(The following is a story written by Daniel De Simone, curator of the Lessing J. Rosenwald Collection in the Library’s Rare Book and Special Collections Division, for the September-October 2013 issue of the Library of Congress Magazine. You can download the issue in its entirety here.)
The year 1912 was a pivotal one for African American educator Booker T. Washington (1856-1915) and Chicago businessman Julius Rosenwald (1862-1932). The two men were acquainted, with Washington as the founder and principal of Tuskegee Normal and Industrial Institute for the training of black teachers (now Tuskegee University) and Rosenwald serving as a member of the school’s Board of Trustees.
That year, Washington had the idea to build schools for African American children throughout the rural South. “Separate but equal” was the law of the land, but black children were learning in underfunded and dilapidated buildings across the South.
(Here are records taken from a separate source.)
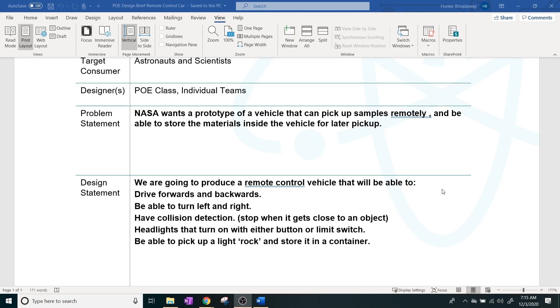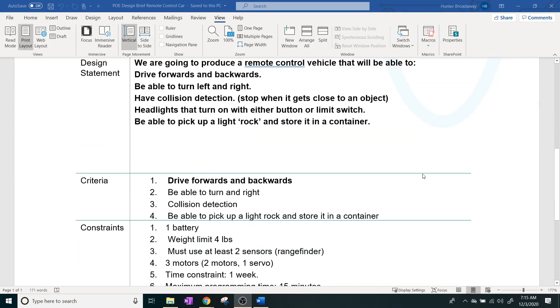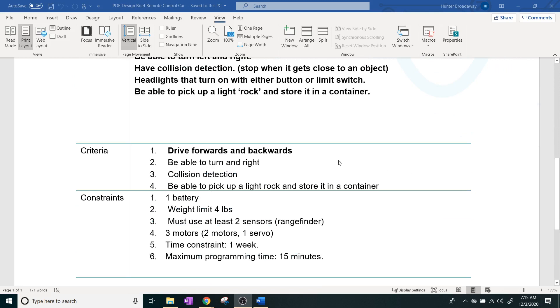So these are going to be the building constraints that we're going to have to deal with, or the criteria. It's going to have to do those things. There's a couple of constraints as well. So the criteria kind of fit right within the design statement.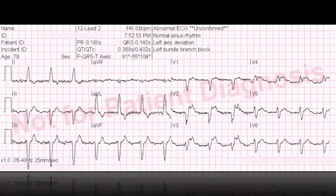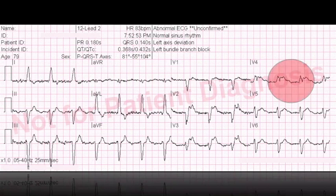Let's look at another example. Do you see criteria A or criteria B? I see criteria A in lead V4. The QRS is going one way and the ST segment and T wave are also going in the same direction. That shouldn't happen in a left bundle branch block. That alone — in just that one lead — is enough to say that's positive for Sgarbossa's criteria and diagnostic of STEMI in the presence of a left bundle branch block.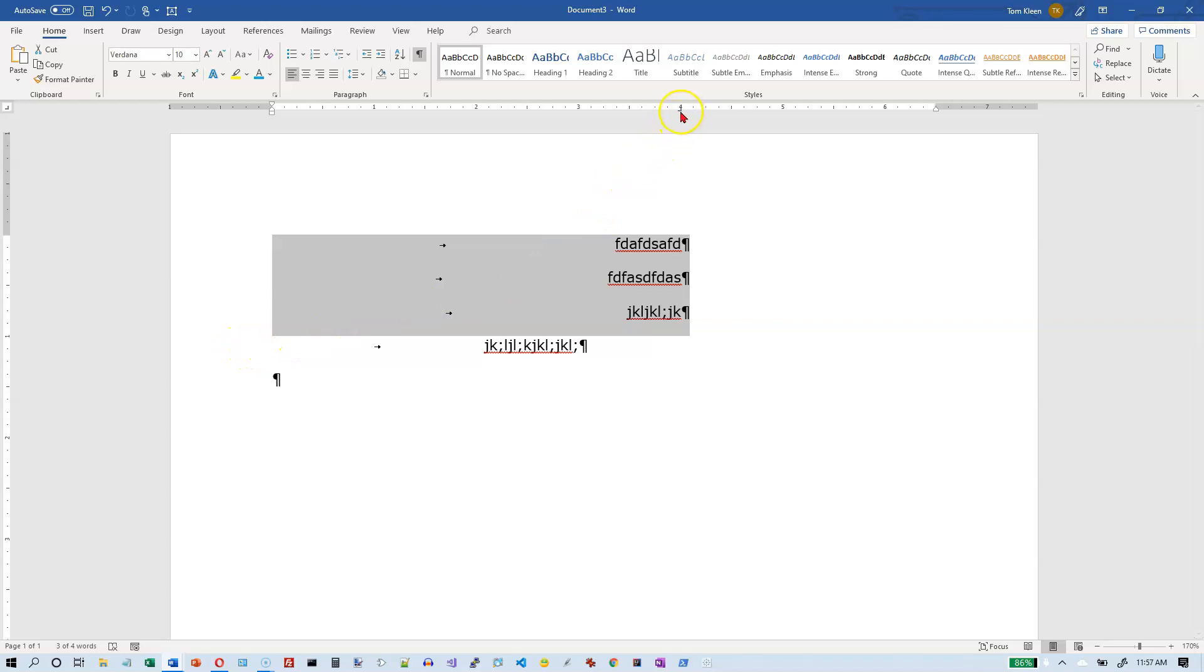So be careful when you're selecting multiple lines that have different tab stop settings in them. It's a little bit trickier and you got to keep an eye on the tab stop settings up here on the ruler so that you know exactly what you're doing when you change those tab stops.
Why not replicate the success of Tuskegee by providing the necessary academic skills in clean, well-lit modern structures for students on the K-12 level? For funding, he turned first to Tuskegee’s benefactors.
Rosenwald, the president of Sears, Roebuck and Co., was approaching his 50th birthday and had decided to celebrate by donating funds to various causes. He shared Washington’s concern about the lack of educational resources for black children in the South. He had already launched a program to offer matching grants for the construction of African American YMCAs and was interested in Washington’s plans to do the same for schools.
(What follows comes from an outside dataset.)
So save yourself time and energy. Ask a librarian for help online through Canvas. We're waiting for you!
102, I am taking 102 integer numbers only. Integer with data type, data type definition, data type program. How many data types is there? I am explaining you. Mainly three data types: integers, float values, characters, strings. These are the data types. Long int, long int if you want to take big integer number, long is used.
In a letter to Washington dated July 15, 1912, Rosenwald offered to help.
“If you had $25,000 to distribute among institutions which were offshoots of Tuskegee or doing similar works to Tuskegee, how would you divide it?”
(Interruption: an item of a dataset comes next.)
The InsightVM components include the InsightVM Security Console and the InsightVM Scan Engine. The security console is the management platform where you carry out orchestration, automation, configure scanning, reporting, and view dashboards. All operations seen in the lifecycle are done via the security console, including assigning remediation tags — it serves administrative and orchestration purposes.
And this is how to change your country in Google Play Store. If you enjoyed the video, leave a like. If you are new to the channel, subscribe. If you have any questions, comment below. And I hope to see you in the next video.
Washington replied five days later in a long and heartfelt letter.
“I shall be very glad to send you recommendations and opinions regarding the use of $25,000 in helping institutions. … Such a sum of money will prove a Godsend to those institutions and can be made to accomplish much more good just now than any one realizes. I think I am not stating it too strongly when I say that a wise expenditure of such a sum of money will enable these schools to do fifty or one hundred percent better work than they are now doing.”
Rosenwald requested from Washington a list of schools that “in your judgment should participate, naming the amount for each and the purpose for which the money is to be used … and as soon as any school you name has raised an equal amount, I will pay to it such an amount as you have designated.”
Both men shared a belief in the importance of self-reliance. So it is not surprising that the plan called for monies from the Rosenwald Fund to be matched by the African American community. The call was met and exceeded.
Washington pushed the concept further by suggesting that “the people themselves build the [school] houses…” The design for the Rosenwald Schools was simple – a two-room schoolhouse with plenty of windows to aid in lighting and ventilation. Their modern construction stood as a symbol of black aspiration and potential.
After Washington’s death in 1915, Margaret Murray Washington continued to work with Rosenwald in her late husband’s stead. At the program’s conclusion in 1932, it had produced 4,977 new schools, 217 teachers’ homes, and 163 shop buildings. It is estimated that the schools served more than 663,000 students in 883 counties in 15 states.
Following the 1954 Supreme Court decision declaring racial segregation unconstitutional, the Rosenwald Schools became obsolete. Many of the structures were repurposed to serve other community functions while others were abandoned. In 2002, the National Trust for Historic Preservation named the Rosenwald Schools to its list of America’s Most Endangered Historic Places, and declared the building program as “one of the most important partnerships to advance African American education in the early 20th century.”